1. This forum section is a read-only archive which contains old newsgroup posts. If you wish to post a query, please do so in one of our main forum sections (here). This way you will get a faster, better response from the members on Motherboard Point.

Converting a floating point texture to a rgba texture so it's ready to be flipped to the screen ?! ;

Discussion in 'Nvidia' started by Skybuck Flying, Oct 2, 2009.

  1. I just gave this pipeline simulation a test... without actually using any
    simulator code yet...

    And it seems very limited... only 100.000 instructions can be recorded or
    so... maybe a 1.000.000 but that's very little... just an initializing loop
    takes like 8000 * 10 instructions = 80.000 instructions or so...
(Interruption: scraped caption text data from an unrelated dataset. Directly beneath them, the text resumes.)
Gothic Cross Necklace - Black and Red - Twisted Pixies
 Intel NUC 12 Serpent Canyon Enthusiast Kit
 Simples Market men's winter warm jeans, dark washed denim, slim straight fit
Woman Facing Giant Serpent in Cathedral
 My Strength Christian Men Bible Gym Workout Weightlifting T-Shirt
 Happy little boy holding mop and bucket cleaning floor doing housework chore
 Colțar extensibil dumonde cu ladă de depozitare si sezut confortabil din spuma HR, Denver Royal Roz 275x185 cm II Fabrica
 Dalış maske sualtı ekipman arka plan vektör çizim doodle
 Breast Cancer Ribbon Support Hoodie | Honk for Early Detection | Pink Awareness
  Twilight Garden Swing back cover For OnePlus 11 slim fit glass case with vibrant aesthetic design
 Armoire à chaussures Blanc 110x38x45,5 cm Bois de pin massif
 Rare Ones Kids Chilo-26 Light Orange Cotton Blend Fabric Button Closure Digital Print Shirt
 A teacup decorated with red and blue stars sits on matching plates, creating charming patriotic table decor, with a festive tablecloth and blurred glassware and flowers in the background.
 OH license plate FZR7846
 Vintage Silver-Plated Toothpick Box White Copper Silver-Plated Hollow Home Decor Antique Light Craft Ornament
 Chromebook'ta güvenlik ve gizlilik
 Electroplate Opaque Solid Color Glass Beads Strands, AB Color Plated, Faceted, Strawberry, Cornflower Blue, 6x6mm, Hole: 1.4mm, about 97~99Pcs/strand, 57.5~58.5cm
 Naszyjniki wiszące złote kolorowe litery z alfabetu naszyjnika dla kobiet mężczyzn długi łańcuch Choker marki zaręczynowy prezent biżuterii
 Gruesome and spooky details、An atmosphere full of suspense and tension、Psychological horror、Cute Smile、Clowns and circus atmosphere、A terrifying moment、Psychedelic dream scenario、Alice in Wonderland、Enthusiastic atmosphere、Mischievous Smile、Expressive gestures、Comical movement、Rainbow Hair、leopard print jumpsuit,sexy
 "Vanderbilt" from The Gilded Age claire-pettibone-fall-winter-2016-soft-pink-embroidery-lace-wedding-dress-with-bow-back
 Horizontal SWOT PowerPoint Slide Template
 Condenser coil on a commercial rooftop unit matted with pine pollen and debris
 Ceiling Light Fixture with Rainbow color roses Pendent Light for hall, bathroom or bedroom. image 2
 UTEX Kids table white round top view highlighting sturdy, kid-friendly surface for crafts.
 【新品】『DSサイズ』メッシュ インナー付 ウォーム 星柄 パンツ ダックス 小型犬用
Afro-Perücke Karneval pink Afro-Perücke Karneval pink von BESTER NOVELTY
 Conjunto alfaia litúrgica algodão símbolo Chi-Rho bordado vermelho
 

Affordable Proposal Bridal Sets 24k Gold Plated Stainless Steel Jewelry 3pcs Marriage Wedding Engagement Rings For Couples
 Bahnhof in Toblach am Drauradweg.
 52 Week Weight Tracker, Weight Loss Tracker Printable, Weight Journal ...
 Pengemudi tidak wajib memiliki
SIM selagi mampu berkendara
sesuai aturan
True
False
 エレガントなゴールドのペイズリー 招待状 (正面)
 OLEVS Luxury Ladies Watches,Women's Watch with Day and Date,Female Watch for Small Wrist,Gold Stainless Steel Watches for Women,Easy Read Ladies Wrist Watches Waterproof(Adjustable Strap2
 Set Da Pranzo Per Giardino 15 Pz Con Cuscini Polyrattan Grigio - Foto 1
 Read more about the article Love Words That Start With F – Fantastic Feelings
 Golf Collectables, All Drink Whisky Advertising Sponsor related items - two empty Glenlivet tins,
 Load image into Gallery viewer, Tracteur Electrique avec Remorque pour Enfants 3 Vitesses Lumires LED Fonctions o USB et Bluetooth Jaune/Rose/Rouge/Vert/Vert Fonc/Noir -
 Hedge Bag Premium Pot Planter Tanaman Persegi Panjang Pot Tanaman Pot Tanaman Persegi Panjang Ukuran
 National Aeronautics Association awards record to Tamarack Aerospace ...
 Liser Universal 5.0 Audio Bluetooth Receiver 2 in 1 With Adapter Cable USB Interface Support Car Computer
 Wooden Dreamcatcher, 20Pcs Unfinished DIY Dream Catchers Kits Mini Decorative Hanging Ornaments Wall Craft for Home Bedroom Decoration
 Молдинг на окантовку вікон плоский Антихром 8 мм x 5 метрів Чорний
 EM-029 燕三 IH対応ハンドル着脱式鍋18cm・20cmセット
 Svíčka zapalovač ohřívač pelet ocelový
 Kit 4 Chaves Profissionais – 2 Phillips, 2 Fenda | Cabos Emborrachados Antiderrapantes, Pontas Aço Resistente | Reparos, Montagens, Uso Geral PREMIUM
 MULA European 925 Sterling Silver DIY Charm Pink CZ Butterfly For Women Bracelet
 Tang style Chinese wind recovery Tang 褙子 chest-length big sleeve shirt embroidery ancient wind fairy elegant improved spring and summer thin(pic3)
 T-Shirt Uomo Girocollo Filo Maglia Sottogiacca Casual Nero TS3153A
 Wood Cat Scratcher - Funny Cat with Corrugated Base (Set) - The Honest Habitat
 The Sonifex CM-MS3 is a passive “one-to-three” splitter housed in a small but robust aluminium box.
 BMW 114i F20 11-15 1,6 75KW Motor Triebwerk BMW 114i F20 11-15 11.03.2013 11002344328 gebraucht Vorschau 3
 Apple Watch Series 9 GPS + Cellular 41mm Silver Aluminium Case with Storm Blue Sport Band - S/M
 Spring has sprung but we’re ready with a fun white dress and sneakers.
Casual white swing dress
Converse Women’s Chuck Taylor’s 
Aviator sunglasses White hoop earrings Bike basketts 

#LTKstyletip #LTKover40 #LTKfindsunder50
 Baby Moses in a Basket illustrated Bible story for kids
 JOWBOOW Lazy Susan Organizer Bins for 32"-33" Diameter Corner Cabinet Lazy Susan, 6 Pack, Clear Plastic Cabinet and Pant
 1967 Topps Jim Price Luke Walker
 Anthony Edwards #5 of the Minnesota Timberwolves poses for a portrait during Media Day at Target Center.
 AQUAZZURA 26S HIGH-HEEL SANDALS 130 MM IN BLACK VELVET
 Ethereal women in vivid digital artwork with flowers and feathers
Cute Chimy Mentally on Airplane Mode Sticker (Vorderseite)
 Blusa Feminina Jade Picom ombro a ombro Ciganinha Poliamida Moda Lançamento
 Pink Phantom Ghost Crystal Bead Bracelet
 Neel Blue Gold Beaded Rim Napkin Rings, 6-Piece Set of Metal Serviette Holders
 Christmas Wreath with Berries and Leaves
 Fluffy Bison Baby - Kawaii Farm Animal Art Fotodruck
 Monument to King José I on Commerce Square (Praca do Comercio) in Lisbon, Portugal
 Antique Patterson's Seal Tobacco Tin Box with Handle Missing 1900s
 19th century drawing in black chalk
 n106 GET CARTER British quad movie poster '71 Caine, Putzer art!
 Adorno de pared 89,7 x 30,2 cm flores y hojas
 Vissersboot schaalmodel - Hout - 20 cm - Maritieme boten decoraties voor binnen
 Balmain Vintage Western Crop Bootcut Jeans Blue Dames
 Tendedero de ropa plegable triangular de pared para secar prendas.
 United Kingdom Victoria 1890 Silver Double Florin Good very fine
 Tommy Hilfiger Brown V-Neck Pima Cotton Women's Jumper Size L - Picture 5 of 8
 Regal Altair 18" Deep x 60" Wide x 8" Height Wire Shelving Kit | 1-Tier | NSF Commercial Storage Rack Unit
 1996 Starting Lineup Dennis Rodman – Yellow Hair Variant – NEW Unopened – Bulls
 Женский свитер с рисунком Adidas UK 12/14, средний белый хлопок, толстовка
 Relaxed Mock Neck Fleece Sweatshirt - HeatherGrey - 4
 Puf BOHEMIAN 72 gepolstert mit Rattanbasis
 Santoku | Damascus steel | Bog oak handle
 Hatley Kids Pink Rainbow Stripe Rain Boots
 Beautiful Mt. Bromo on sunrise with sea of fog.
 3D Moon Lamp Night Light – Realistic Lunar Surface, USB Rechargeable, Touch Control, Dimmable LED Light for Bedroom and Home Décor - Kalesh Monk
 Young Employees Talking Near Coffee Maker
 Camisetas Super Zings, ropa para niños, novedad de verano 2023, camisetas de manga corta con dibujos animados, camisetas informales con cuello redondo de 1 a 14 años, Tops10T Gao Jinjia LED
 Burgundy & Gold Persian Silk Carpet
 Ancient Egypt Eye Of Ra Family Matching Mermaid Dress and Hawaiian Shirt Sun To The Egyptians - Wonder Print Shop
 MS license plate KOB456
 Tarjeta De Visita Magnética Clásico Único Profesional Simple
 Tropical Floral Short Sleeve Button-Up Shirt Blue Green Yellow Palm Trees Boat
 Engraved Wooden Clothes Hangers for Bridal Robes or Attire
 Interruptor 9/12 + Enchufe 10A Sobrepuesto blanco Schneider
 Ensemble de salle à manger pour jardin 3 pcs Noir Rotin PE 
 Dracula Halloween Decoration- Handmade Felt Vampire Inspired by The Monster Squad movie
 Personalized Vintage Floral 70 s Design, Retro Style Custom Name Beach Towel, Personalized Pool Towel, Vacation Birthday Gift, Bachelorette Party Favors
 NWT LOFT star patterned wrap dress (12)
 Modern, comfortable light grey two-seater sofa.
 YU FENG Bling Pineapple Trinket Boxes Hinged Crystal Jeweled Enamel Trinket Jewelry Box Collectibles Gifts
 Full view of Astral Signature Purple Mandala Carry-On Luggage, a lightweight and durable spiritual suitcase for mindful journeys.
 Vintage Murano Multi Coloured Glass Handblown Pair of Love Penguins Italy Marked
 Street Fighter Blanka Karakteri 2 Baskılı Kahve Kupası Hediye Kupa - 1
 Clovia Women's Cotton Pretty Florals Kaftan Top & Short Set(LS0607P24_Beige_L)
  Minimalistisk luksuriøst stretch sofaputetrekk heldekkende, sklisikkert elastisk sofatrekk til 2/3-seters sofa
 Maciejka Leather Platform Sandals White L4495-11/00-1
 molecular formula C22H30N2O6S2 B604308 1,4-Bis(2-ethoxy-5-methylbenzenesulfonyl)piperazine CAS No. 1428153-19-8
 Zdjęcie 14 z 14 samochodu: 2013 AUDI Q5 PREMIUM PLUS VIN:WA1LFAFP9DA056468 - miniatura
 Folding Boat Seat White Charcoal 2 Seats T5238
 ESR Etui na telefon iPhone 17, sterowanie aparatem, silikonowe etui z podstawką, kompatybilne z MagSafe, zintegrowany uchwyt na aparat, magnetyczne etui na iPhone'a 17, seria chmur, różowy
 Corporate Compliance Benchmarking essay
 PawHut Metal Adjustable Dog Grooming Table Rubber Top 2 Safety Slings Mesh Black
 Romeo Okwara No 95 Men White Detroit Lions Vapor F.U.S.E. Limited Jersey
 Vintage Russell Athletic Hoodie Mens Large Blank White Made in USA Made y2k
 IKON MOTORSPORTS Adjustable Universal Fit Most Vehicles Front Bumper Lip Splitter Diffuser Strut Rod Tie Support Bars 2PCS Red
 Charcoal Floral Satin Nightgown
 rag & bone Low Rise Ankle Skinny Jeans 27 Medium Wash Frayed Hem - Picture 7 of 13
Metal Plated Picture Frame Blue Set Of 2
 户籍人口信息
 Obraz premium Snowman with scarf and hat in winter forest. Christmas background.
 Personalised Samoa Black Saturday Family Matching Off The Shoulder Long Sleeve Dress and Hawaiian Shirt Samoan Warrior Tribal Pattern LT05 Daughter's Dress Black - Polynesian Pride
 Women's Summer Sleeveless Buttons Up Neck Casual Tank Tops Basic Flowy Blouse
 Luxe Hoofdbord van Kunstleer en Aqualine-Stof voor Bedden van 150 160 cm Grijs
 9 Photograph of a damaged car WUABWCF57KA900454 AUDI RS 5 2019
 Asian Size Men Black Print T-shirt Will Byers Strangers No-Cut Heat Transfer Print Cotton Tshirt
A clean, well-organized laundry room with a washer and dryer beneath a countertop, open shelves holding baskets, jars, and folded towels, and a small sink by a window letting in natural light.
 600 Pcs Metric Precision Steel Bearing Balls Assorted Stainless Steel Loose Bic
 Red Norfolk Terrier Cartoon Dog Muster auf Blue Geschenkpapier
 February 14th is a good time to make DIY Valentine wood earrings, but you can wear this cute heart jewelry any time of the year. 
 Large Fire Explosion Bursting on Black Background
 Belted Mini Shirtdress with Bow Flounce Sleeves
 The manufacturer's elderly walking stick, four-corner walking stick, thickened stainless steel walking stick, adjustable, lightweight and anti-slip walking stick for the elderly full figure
    So this pipeline simulation is not worth much... though maybe it could give
    some insight into some cycles or so...

    All in all probably not worth investigating any further since it's pretty
    clear that memory lookups slow it down... and other tests already show the
    cpu can't do anything else while it's waiting for memory or so ?!?

    At least it seemed like that for me... I could wrong though ;)

    Skybuck Flying, Oct 10, 2009
    1. Advertisements

  2. My latest insights into the possibility of executing corewars on a gpu have
    made me doubt if the performance is going to be any good... it's probably
    not going to be any faster than a cpu... maybe even significantly slower
    depending on the number of passes that are needed.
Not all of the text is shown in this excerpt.